TPIA: TekSavvy wants Canadians to write their MPs, say “no” to broadband price hikes


CHATHAM, ON — Independent ISP TekSavvy is urging Canadians to voice their support for the CRTC’s decision in August to lower Internet prices by visiting its new website, called paylesstoconnect.ca, and writing their federal member of parliament.

In a news release Monday, TekSavvy amped up its fight against incumbent telcos and cablecos, who have petitioned the federal cabinet to cancel the CRTC’s decision and obtained a stay of the decision from the courts (an earlier temporary stay was granted in October by the FCA). The incumbent have since filed review and vary applications with the CRTC in December.
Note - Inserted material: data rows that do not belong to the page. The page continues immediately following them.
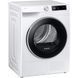 Сушильная машина Samsung DV90T6240LE 040725 фото 2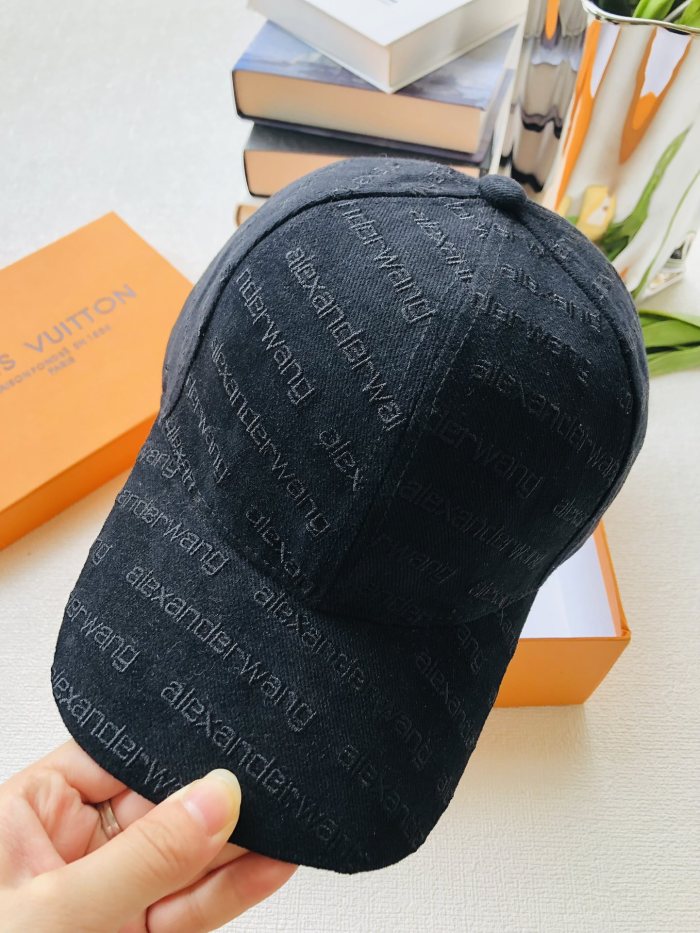 Annareps Great quality Top Hat Free shipping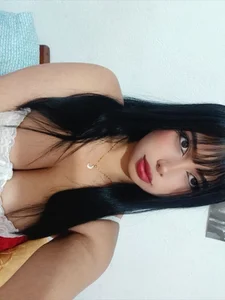 Public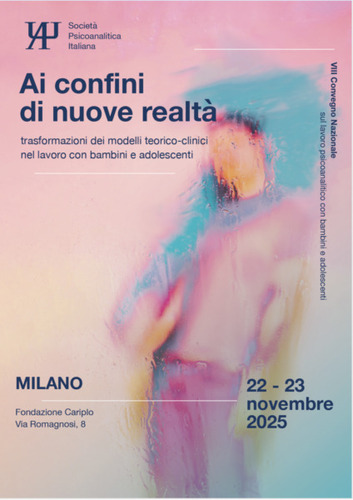 convegno
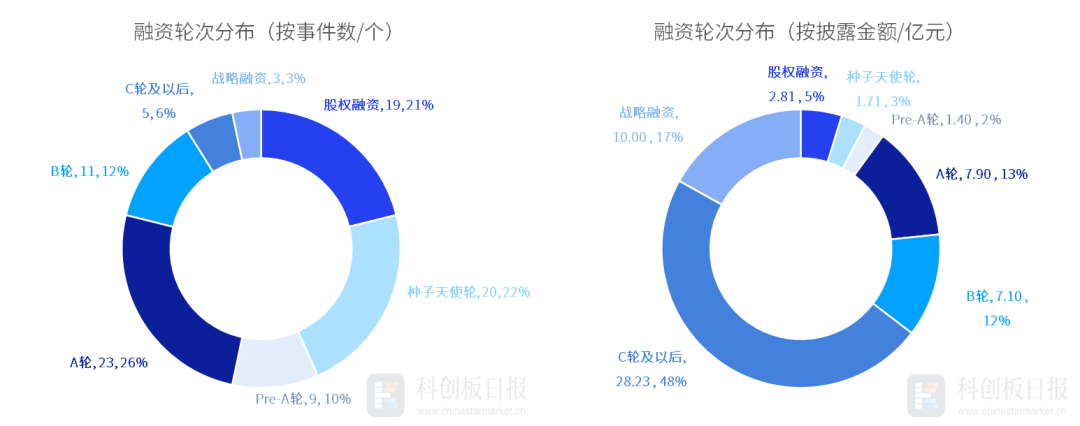 微信图片_2025-10-22_163828_956.png 微信图片_2025-10-22_163828_956.png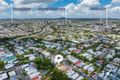 Property photo of 18 Heaslop Street Woolloongabba QLD 4102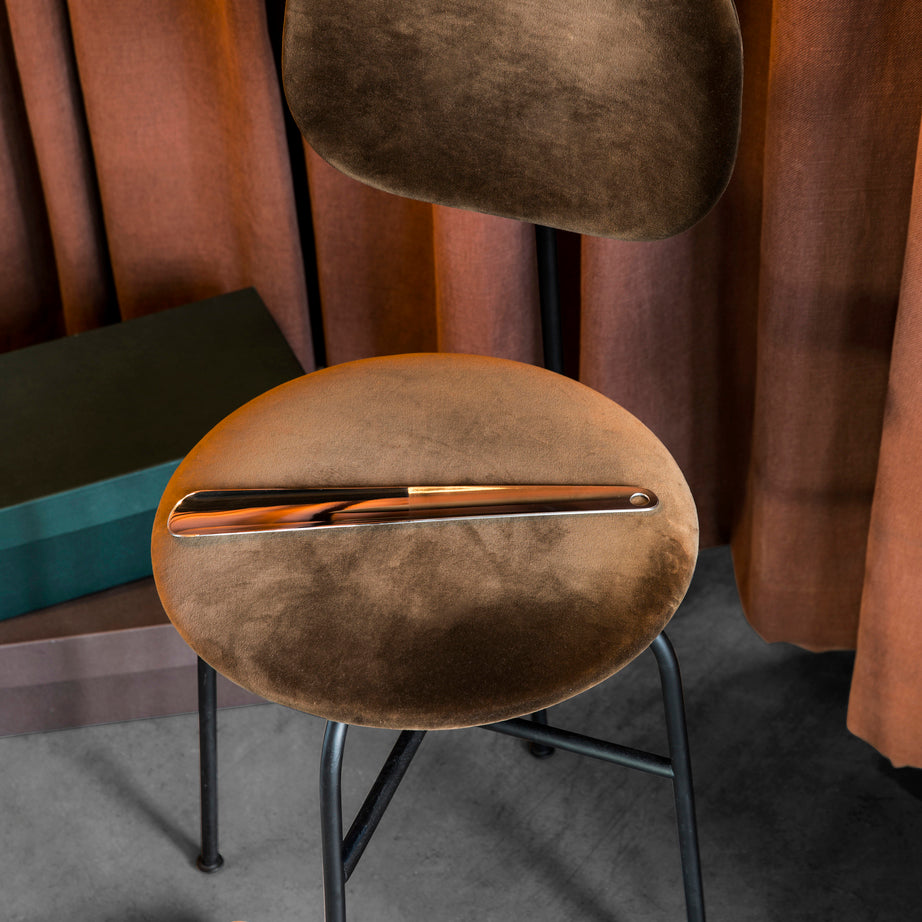 Afteroom plus scaun de dining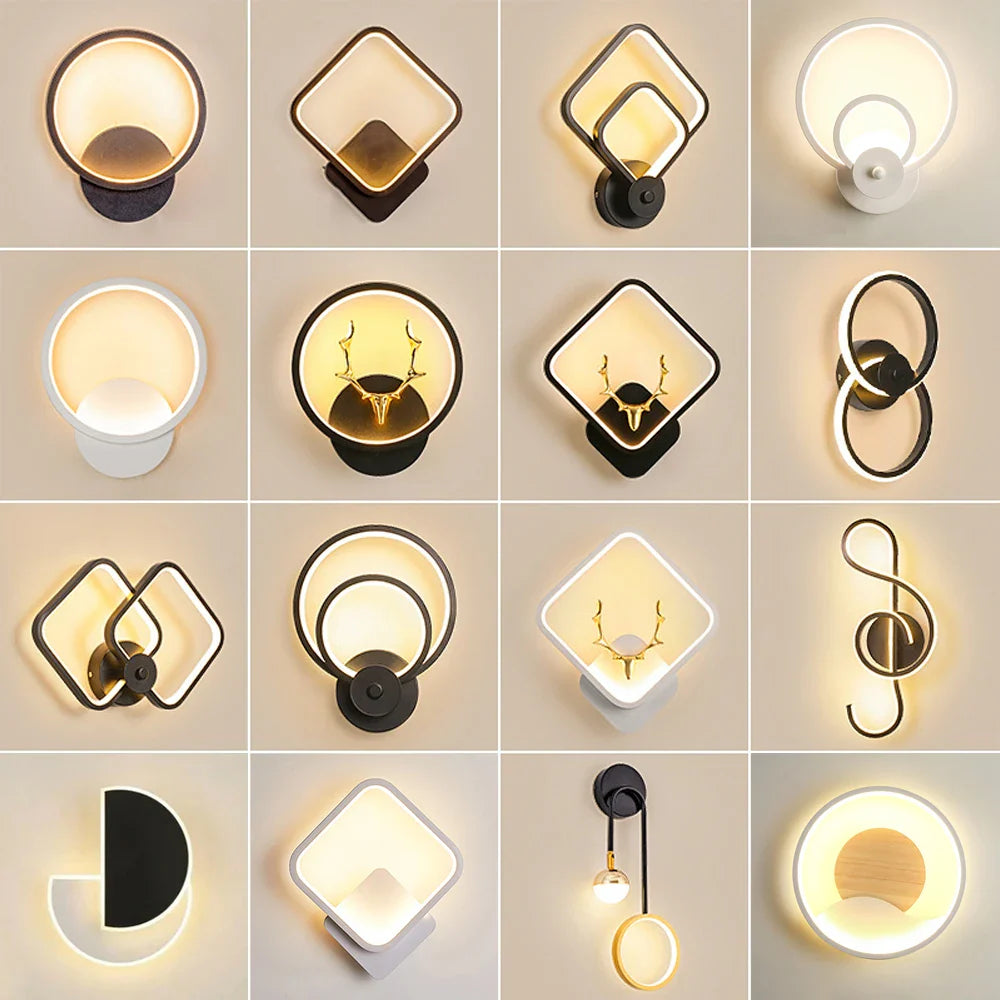 elegant wooden design chandelier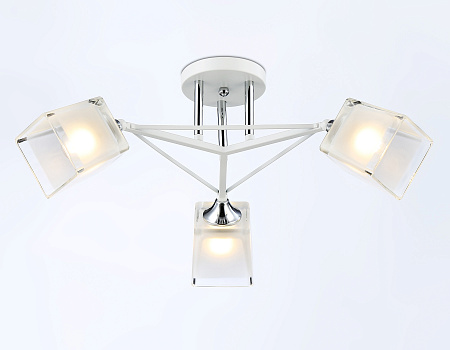 Люстра потолочная Modern TR303071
In August 2019, the Commission had set new wholesale high-speed access rates that the large cable and telephone companies are able to charge competitors who lease space on incumbent networks.

“The CRTC found Big Telcos broke its rules and fabricated costs to inflate their rates for competitors, keeping prices high for Canadians. During its 4-year rate-setting process, the CRTC condemned the Big Telcos’ Internet rate-fixing as ‘very disturbing’, lowering their rates and ordered them to repay overbilled amounts back to March 2016 (estimated at $325 million),” TekSavvy writes in its news release.

The Federal Court of Appeal’s stay of the CRTC’s August decision meant the retroactive payments set out in the summer decision are suspended and the rates in force today are the interim ones set in 2016, not the more recent ones proposed in October by the Commission.

“The Big Telcos game the system with impunity, kneecapping competitors while Canadians pay the price,” said Andy Kaplan-Myrth, TekSavvy’s vice-president of regulatory and carrier affairs. “Cabinet should not only reject their Internet price hike petitions, but hold the Big Telcos accountable for their anti-competitive activities while the CRTC opens up the mobile sector to wholesale competition, too.”

Janet Lo, vice-president of privacy and consumer legal affairs for TekSavvy, added: “When Big Telcos game the system, we all pay more. Canadians have been clear that they expect lower prices and more choices to stay connected.”

When asked by Cartt.ca to respond to TekSavvy’s news release today, Bell spokesperson Marc Choma wrote in an email: “Resellers invest little to nothing in networks, they want to reduce the rates they pay carriers that do invest to levels below what it costs to actually build and maintain the infrastructure, and they would also like carriers to in effect pay them to not invest by issuing them retroactive rebates. Now that’s disturbing.”